In some embodiments, a buffer zone (not shown) may also be included between the backing film 207 and the support structure 208, wherein the buffer zone is configured to absorb shock and cushion. Wherein the material of the buffer zone can be foam and/or copper foil. In some embodiments, the buffer material may include graphite to improve the heat dissipation of the display module. In some embodiments, a support member may be further included between the backing film 207 and the support structure 208, wherein the support member may be at least one of sus (steel Use stainless) steel sheet (e.g., 30um thick), copper sheet, or aluminum sheet. In some embodiments, the support member may also be an alloy material. The supporting component has higher elastic modulus, can play a supporting role, and reduces the crease problem caused by bending.

In some embodiments, including a metal support assembly between the backing film 207 and the support structure 208, the sixth adhesive layer a6 may be an epoxy adhesive or a hot melt adhesive film. Because metal bearing structure 208 is metal construction with metal support component (for example, the SUS steel sheet), consequently the sixth pastes the layer and adopts epoxy glue or hot melt adhesive membrane, can paste more firmly, can avoid collapsible fifth to paste the cross striation problem that the layer leads to in metal fretwork district simultaneously, makes display module group keep leveling.

In some embodiments, for better heat dissipation. A heat dissipation layer (not shown) may be further included between the back film 207 and the support structure 208, wherein the heat dissipation layer is adhered to the back film 207 through any one of the first adhesive layer a1, the second adhesive layer a2, the third adhesive layer A3, the fourth adhesive layer, the fifth adhesive layer, and the sixth adhesive layer. In some embodiments, the heat spreading layer material may be graphene. In some embodiments, to protect the heat sink material, a protective layer may be placed under the heat sink layer, wherein the material of the protective layer may be PET.

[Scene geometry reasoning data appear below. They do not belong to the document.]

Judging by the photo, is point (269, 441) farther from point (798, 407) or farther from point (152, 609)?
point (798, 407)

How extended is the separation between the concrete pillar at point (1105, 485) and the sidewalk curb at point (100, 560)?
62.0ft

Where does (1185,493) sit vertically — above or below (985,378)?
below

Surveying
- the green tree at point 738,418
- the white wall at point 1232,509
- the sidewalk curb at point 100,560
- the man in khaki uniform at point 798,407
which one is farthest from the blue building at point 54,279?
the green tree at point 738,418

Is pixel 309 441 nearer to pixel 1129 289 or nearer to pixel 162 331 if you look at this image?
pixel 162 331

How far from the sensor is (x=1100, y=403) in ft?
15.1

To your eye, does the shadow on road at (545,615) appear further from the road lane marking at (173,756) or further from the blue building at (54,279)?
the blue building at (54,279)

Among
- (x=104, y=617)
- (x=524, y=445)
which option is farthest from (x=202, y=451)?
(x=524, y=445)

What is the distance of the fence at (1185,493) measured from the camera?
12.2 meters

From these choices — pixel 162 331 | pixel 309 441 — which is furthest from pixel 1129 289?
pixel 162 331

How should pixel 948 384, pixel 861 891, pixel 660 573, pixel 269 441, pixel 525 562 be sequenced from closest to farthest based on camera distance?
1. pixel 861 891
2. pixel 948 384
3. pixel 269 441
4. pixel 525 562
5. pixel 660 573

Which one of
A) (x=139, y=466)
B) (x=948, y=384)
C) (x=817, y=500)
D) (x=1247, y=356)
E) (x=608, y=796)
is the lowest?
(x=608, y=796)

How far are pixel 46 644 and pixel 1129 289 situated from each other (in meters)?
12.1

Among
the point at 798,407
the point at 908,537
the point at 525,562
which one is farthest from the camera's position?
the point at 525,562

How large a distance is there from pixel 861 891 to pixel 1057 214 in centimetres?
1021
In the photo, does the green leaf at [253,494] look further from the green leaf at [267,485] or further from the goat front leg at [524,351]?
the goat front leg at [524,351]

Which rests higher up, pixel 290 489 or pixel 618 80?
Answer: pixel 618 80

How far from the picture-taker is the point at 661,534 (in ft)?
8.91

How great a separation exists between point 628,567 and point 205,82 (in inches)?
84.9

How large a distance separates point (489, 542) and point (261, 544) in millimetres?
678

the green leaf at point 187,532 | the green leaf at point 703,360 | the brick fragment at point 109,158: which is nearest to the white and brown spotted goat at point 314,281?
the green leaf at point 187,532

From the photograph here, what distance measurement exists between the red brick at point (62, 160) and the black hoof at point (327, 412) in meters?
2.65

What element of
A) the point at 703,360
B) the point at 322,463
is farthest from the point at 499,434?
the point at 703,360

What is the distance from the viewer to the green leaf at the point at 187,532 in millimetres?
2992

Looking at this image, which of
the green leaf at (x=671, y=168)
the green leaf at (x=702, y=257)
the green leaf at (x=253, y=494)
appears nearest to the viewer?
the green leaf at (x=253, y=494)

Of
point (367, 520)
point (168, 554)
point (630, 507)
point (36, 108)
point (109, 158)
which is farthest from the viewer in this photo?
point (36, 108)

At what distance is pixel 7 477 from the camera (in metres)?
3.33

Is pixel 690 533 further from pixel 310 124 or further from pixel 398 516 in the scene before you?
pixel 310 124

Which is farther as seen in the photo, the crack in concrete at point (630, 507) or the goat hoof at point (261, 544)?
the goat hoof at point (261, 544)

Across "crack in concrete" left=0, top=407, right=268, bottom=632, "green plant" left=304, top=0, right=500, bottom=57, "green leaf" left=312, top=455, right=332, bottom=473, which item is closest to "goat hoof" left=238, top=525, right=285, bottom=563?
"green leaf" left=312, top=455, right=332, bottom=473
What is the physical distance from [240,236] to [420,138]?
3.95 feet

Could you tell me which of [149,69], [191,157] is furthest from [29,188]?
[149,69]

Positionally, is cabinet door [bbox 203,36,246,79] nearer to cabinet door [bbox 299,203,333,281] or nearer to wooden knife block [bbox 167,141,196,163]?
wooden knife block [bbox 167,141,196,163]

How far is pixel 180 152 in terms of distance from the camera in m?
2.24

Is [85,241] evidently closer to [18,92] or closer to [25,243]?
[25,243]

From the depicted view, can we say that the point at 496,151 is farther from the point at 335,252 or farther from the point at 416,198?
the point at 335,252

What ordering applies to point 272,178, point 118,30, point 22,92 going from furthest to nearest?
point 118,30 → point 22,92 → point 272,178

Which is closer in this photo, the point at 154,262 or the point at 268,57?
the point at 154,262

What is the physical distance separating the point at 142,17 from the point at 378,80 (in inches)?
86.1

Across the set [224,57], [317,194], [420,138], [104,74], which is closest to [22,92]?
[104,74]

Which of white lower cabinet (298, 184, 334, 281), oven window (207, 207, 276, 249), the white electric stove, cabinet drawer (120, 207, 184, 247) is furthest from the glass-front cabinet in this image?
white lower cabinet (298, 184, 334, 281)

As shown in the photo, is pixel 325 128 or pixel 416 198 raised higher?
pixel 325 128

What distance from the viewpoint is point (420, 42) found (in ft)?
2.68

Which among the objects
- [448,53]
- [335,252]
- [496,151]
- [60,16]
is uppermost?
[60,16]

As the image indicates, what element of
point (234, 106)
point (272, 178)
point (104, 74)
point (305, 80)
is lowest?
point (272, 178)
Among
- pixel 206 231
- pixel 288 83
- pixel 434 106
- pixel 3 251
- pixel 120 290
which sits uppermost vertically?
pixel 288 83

In another embodiment of the present application, as shown in FIG. 7, an ultra-thin glass 2031 can be placed on the light exit side of the polarizer 204 and an ultra-thin glass 2032 can be placed on the backlight side of the backsheet 207. Unlike the embodiment described in FIG. 4, the ultra-thin glass 2031 is interchanged with the polarizer 204 and the ultra-thin glass 2032 is interchanged with the backsheet 207. The contents of the embodiment of fig. 4 may be referred to with respect to the contents of other layers (including materials, locations, beneficial effects, etc.), and will not be described herein again.

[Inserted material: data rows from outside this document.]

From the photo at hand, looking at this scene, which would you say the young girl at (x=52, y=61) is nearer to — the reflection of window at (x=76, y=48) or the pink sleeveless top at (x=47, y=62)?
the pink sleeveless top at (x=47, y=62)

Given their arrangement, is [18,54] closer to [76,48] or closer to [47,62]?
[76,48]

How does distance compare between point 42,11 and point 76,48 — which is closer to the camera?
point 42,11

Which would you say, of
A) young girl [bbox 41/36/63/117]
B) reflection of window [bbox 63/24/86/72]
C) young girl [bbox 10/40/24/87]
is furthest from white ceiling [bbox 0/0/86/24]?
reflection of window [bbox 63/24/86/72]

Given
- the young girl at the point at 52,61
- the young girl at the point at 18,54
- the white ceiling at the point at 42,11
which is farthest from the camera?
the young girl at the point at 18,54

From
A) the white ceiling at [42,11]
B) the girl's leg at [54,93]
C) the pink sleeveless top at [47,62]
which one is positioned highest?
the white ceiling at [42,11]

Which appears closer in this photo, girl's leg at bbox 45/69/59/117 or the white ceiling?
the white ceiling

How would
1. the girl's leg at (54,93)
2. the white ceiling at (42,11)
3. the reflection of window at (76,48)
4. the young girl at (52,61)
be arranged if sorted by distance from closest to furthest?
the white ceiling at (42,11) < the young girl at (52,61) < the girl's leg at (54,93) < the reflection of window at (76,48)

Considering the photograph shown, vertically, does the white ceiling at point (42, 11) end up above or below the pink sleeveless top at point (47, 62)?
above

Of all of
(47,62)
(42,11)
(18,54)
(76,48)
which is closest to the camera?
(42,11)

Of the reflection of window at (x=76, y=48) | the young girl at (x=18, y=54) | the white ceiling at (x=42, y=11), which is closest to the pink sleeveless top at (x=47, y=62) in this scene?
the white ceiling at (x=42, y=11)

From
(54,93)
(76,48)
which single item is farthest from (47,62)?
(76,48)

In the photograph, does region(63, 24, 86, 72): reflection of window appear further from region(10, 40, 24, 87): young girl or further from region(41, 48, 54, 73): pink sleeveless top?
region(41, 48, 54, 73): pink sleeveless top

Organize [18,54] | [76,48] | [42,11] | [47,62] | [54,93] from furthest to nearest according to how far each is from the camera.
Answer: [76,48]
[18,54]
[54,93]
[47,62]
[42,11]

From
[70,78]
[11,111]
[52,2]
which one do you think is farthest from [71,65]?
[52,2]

The anti-falling ball performance of the screen module can be enhanced by placing the ultrathin glass on the light-emitting side of the polaroid.

Through placing ultra-thin glass in the side of being shaded of notacoria, ultra-thin glass supports display panel simultaneously with the notacoria, can more effectually provide holding power for display panel, alleviates collapsible display module assembly because the bending and arching problem that fold many times caused.

Below the ultra-thin glass 2032 is a support structure 208. The description of the support structure 208 may refer to the embodiment of fig. 4 in relation thereto.

The ultra-thin glass 2032 is attached to the support structure 208 by a sixth layer of adhesive (e.g., optically clear adhesive). The description of the sixth adhesive layer can refer to the related contents of the embodiment of fig. 4.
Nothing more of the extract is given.